The refs have something against us. the brotherhood is after us and I don't think we're being paranoid about it.


----------



## kcchiefs-fan (Oct 28, 2002)

This is just a complete guess, but I figure if the ballhandler is purposely not passing the ball to the team's leading scorer for personal/selfish reasons, he would be persecuted for it. And any excuses having to do with Skiles not wanting Crawford don't fly, because if that's the case than he would most likely be telling Kirk to pass it to him MORE, so as he could work up his trade value. I guess it's just me, but I have a hard time believing the "Kirk doesn't like Jamal, therefore doesn't pass to him" theory that's been floating around the last couple months.


----------



## VincentVega (Oct 12, 2003)

I think it's hilarious as hell that a couple pages ago, a certain few posters were complaining about Kirk not passing the ball to Jamal. Sure enough, a little bit later when Kirk goes out of the game, the offense stagnates and the Rockets go on a 10-0 run. And Jamal has more turnovers (3) than points (1).

Go figure.


----------



## ChiBron (Jun 24, 2002)

I seriously blame Skiles for us not being up at halftime. For some stupid reason he took E-Rob out, sat JC too long, and it's ridiculous that our best scorer has only attempted 3 shots so far.


----------



## spongyfungy (Oct 22, 2003)

half 

Kirk 13 pts 5 assists and 2 boards. 0 TO's

Craw - 1 pt 2 rebs 2 asts. 3 TO's

Eddy 8 pt good start but foul trouble. 

we are getting some late calls against us.

looks like AD has his stroke back.


----------



## giusd (Apr 17, 2003)

yes kirk should pass to JC every play so he can expand on his stat's.

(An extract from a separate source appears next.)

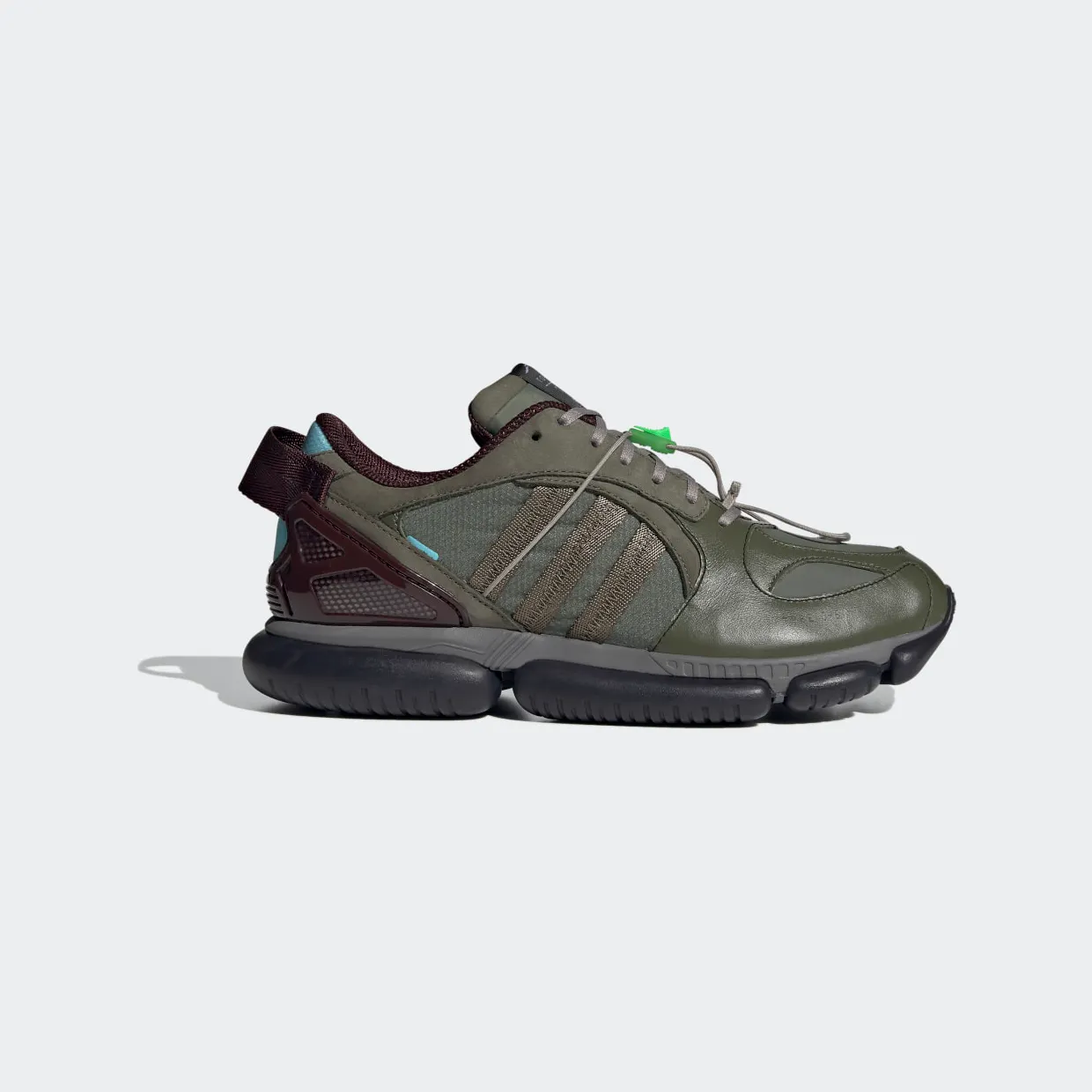 adidas-type-o-6 FY6725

Lets see he played his usual awful D, was 0 for 3 and did have 3 TO two of which were just him throwing it away for no reason. If hinrich passed to jc more in the first half we would be down by 10 pts. I mean we all know what a great talent he is and has that great offensive game. He is shooting what 26% in the last 5 games and 30% for the year. I agree it is all skiles and hinrich fault. Poor JC every year it is someone elses fault. Jay williams, hinrich, skiles, paxson. 

david


----------



## evalam23 (Feb 2, 2004)

Craw might be the bulls leading scorer, but he takes so many shots and he is only shooting 39% from field and 31% from 3pt land. Until those %'s go up, I would rather have Hinrich shooting Jumpers, he is over 35% from 3pt land, and definitely not blount or davis. Just hope that Curry stays out of foul trouble in the second half if not, this game is over.


----------



## giusd (Apr 17, 2003)

Sorry that is 36% in the last 5 games and 39% for the year.

david


----------



## fleetwood macbull (Jan 23, 2004)

> Originally posted by <b>spongyfungy</b>!
> Hou 41
> 
> Bulls 37.
> ...


it certainly feels that way at times. Especially when your team gets less FTs at home.
But it probably has a lot to do with the state of your team, and the way it plays. Young, players not aggresive in general.
You sure don't get FTs from jumpshots

Were on the road. I don't believe in the evil cabal of referees theory in general, even though you can get on an individual crews bad side.


----------



## Da Grinch (Aug 17, 2002)

> Originally posted by <b>giusd</b>!
> yes kirk should pass to JC every play so he can expand on his stat's. Lets see he played his usual awful D, was 0 for 3 and did have 3 TO two of which were just him throwing it away for no reason. If hinrich passed to jc more in the first half we would be down by 10 pts. I mean we all know what a great talent he is and has that great offensive game. He is shooting what 26% in the last 5 games and 30% for the year. I agree it is all skiles and hinrich fault. Poor JC every year it is someone elses fault. Jay williams, hinrich, skiles, paxson.
> 
> david


mobley has all of 7 points on 2-6 shooting in 19 minutes ...is crawford's defense all that bad on him?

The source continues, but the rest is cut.